History and Information on Languages and Linguistics Part 1

About information and history of the languages of the world, linguistics info such as oldest, newest, most number of speakers, and a list of Indo-European languages.

Communications

In the Tower of Babel: Human Languages

Language is one of the most distinctive differences between human beings and other animals. The origin of human speech, thought to have developed somewhere between Neanderthal and Cro-Magnon man, still remains a mystery. Anthropologists tell us that Neanderthal man had a pharynx too short to produce the sounds of human speech, but by 40,000 B.C. Homo sapiens had evolved a vocal tract with this amazing capability. Writing may be equally old. A Cro-Magnon bone, which scientists date from 30,000 B.C., has been found bearing intentional markings indicating an effort of some sort to communicate through writing.

There are now more than 3,000 languages in the world. An exact figure, however, is impossible to determine, partly because linguists tend to disagree on exactly what constitutes a language. Generally, when dialects are no longer mutually intelligible, they are considered to be separate languages. A dialect may also be considered a language if it is used in books and newspapers.
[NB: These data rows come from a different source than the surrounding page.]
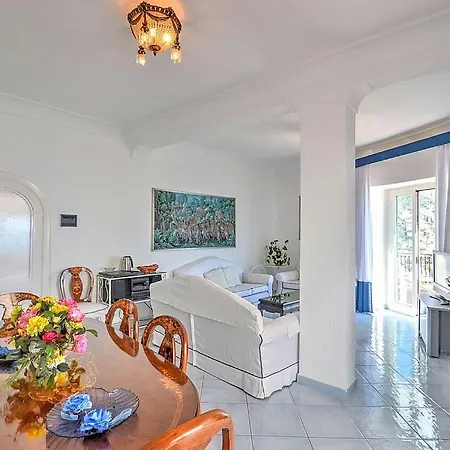 Sleeps 8 Pool Air Con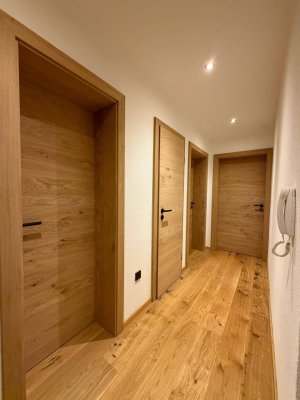 Sadrach-Hötting! Exklusiv sanierte Wohnung in Toplage! Provisionsfrei
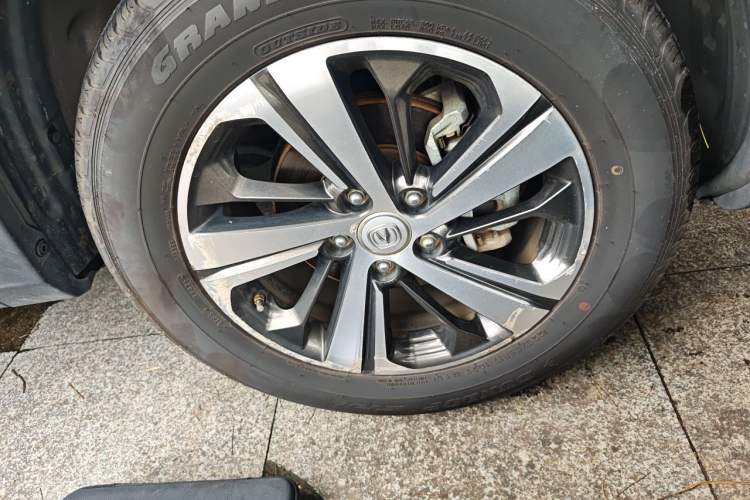 Used CHANGAN CS75 2018 280T Automatic Smart Edition China V Standard Right Front Wheel Hub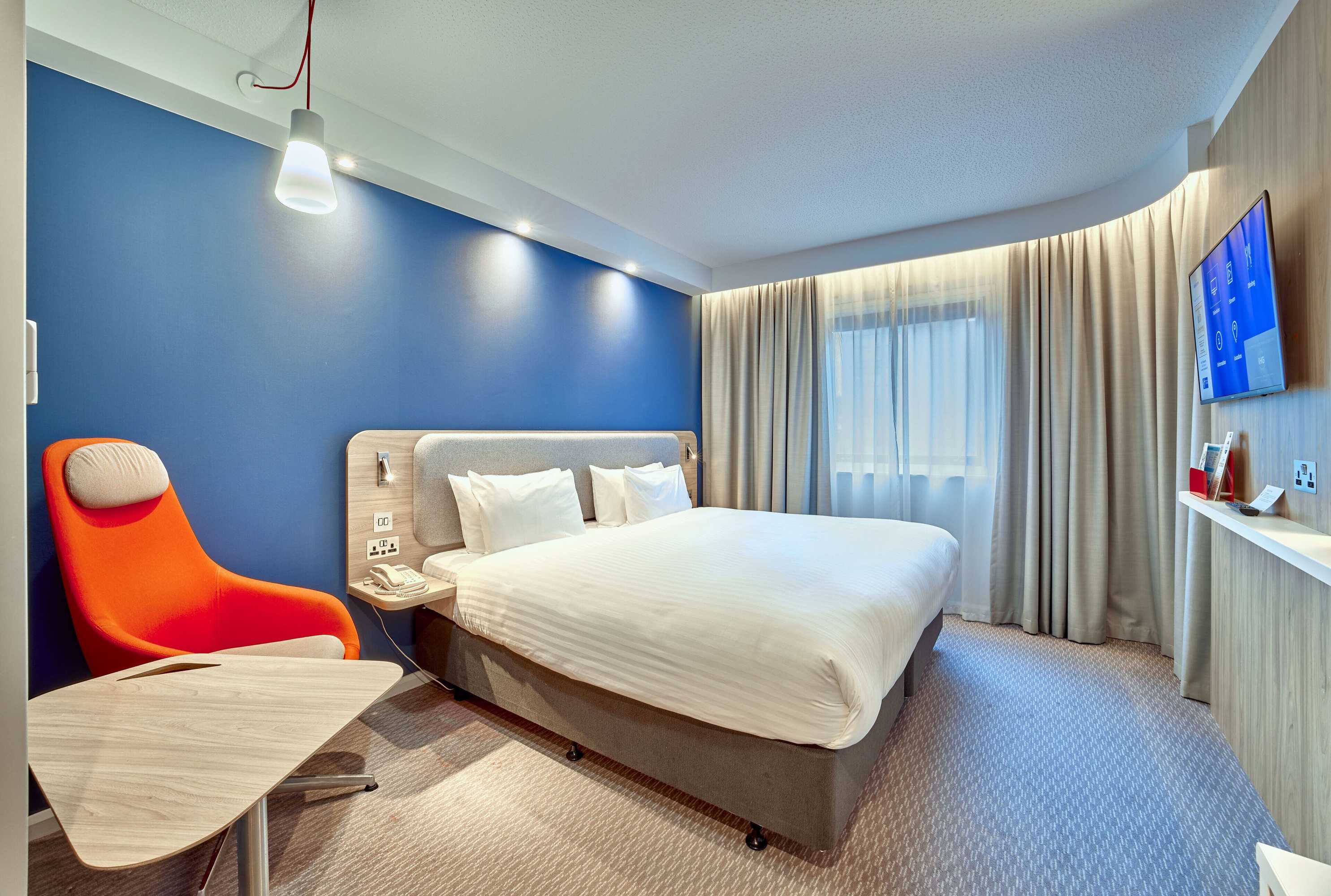 Gift card for Holiday Inn Express London - Stratford by Ihg Gift card for Holiday Inn Express London - Stratford by Ihg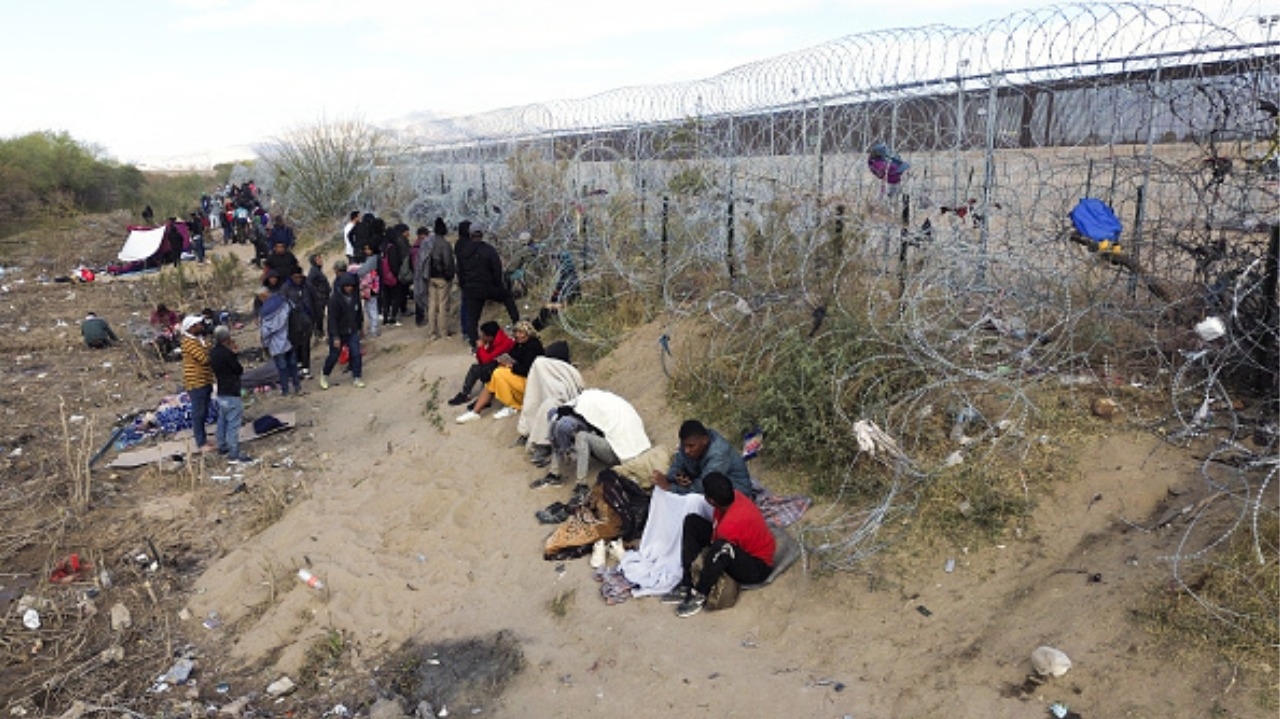 Casa Branca e México manifestam oposição à lei migratória do Texas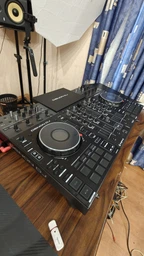 DJ контролер Denon DJ Prime 4+. Black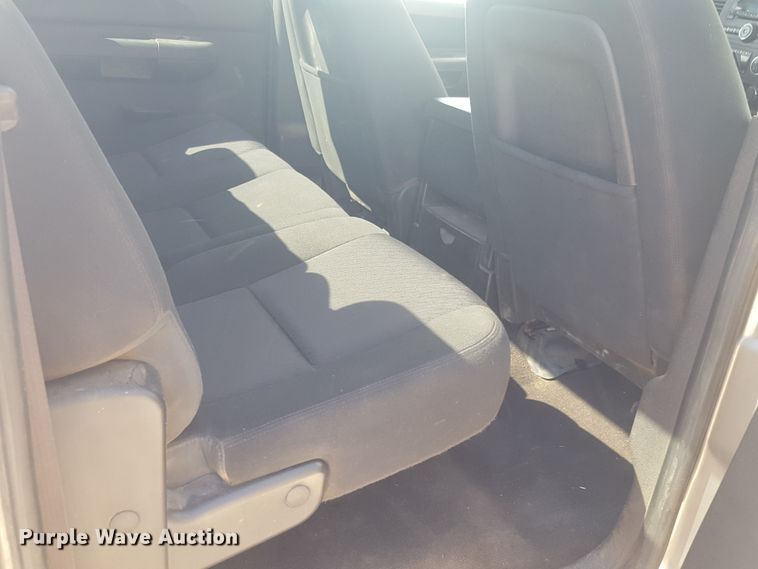 image for item GC9069 2013 Chevrolet Silverado 1500 Crew Cab pickup truck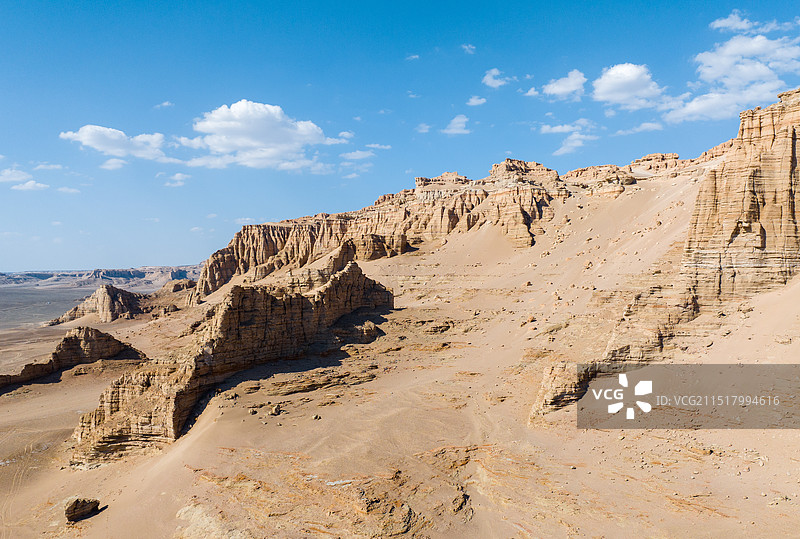 新疆哈密大海道高清航拍图片图片素材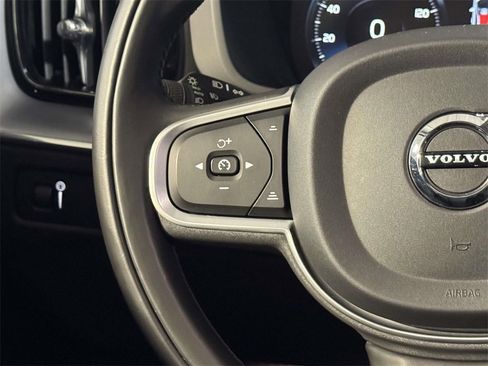 Used 2021 Volvo XC60 T5 Momentum w/ Advanced Package image 27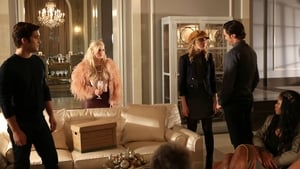 Scream Queens Season 1 Episode 10 مترجمة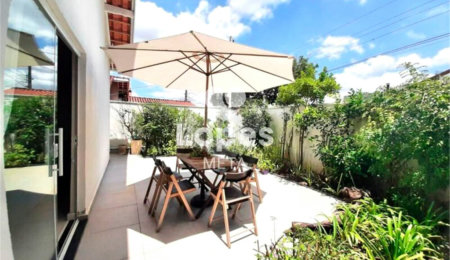 Casa à venda com 3 suítes no condomínio Eldourado, São José dos Campos - SP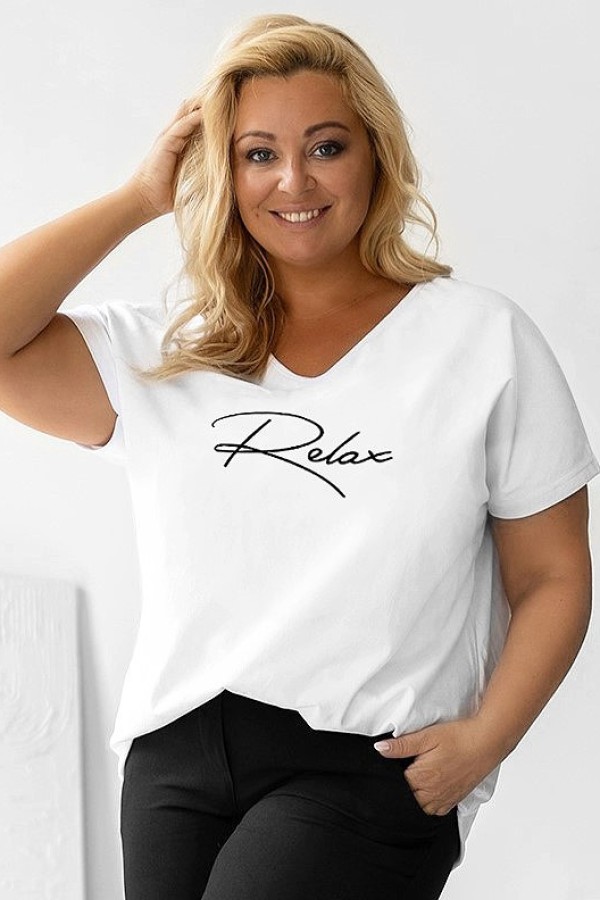 Bluzka damska T-shirt plus size w kolorze białym nadruk napis Relax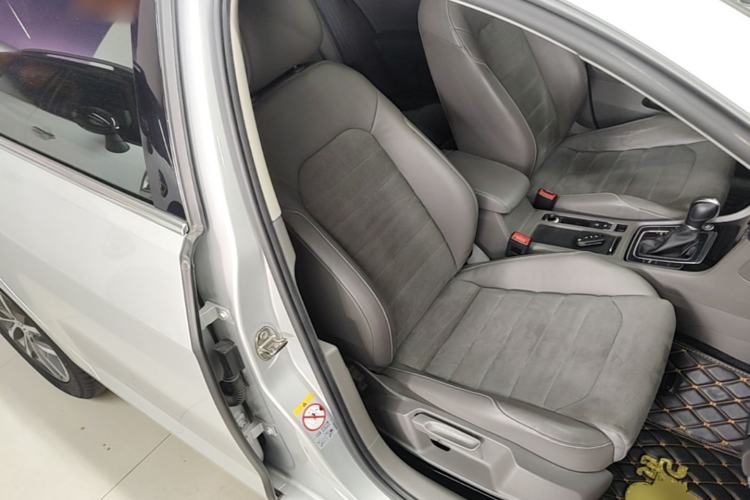 Used Volkswagen Golf 2014 1.4TSI Automatic Flagship Model Right Front Seat
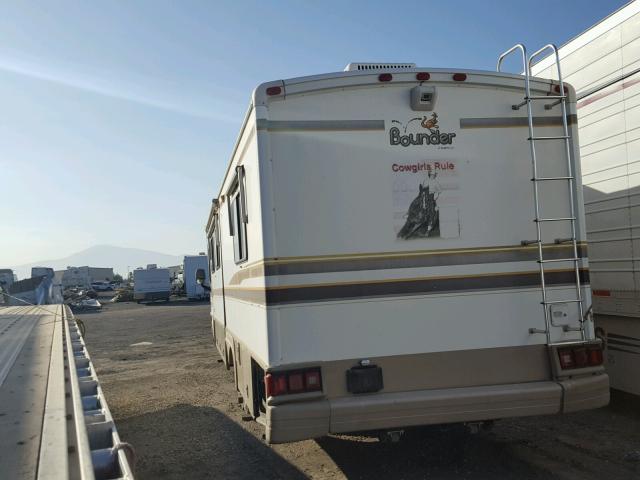 5B4LP37J8X3309223 - 1999 WORKHORSE CUSTOM CHASSIS MOTORHOME BEIGE photo 3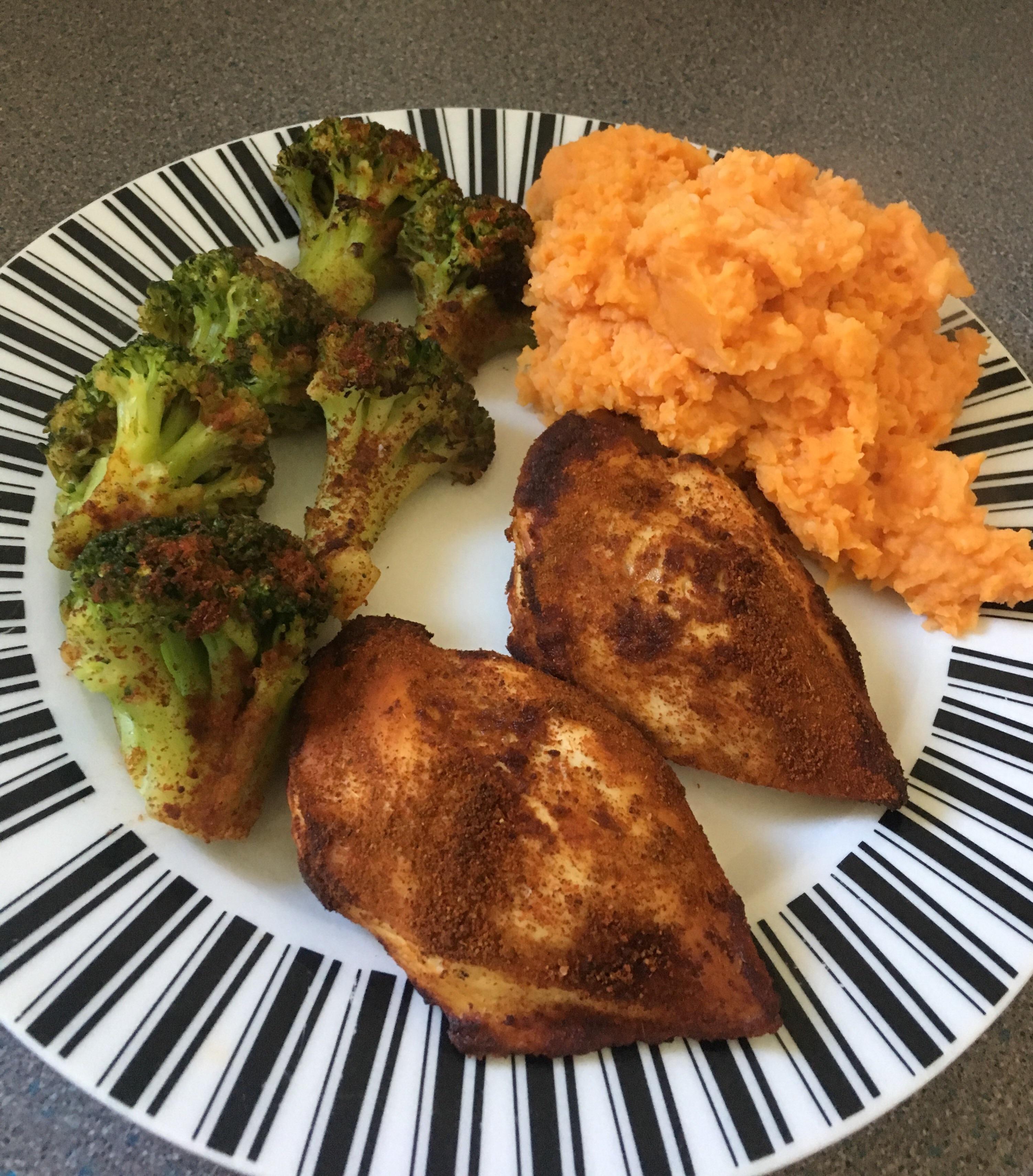 485 calorie dinner of chicken in a homemade spicy rub, sweet potato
More people speak Chinese (800 million) than any other language--more than double the number speaking English (300 million), the world's 2nd most prevalent language. Hindustani, the 3rd, is spoken by 200 million people. This number includes those who speak Hindu in India and Urdu in Pakistan; the latter is derived from Hindustani but uses the Arabic alphabet.

Russian is spoken by 190 million people; Spanish by 160 million; German, Japanese, and Indochinese have 100 million speakers each; French, Arabic, Bengali, and Portuguese 75 million; and Italian approximately 55 million. More than 100 languages are spoken by over a million people each.

Chinese is not only the most widely used, but the oldest living language, dating back more than 4,000 years. Chinese writing is ideographic: that is, each character represents the object that is being described as opposed to the sounds made when the word for it is spoken. Recently the Chinese Government introduced a system to replace the 4,000 basic characters with the letters of the Roman alphabet.

The oldest known written language is Sumerian, which originated in Mesopotamia around 3,500 B.C. It was written in cuneiform script, whose symbols stand for the sounds made by syllables.

The North American Indian languages were unwritten until 1821, when a Cherokee named Sequoyah developed an alphabet of 86 phonetic symbols for his language. (See: Footnote People in U.S. History)

About half the world's population speaks a language originally derived from Indo-European, which was spoken as early as 4,000 B.C. Scholars assume it originated in the central part of the Euro-Asian continent and in a temperate climate, because the languages descending from it all have words for cold, snow, and winter, but none for tropical plants and animals such as rice, tiger, or palm. The Indo-European family includes: the Germanic languages (English, Dutch, German, and the Scandinavian tongues); the Romance languages descended from Latin (Spanish, French, Italian, and Portuguese); the Celtic group (Gaelic, Scottish, Welsh, and Breton); Greek; and the Balto-Slavic languages. There are 19 other language families including Hamito-Semitic (Aramaic, Hebrew, Berber, Coptic), Ainu (Japanese), Mongolian, Manchurian, African, and Amerindian.

Among the newest languages is New Guinea Pidgin English, which has developed into a language in less than 100 years. The term "Pidgin English" comes from a corruption of the words "business English." Found in newspapers and books in New Guinea, this language--which combines English and Portuguese with bits of German, Bengali, French, and Malaysian--has a picturesque relationship to standard English. The phrase for butter is "cow oil." Hair translates as "grass belongs head." And envelope is "pants belong letter." For the future tense the word "bimeby" is used, and the past is indicated by adding the word "finish."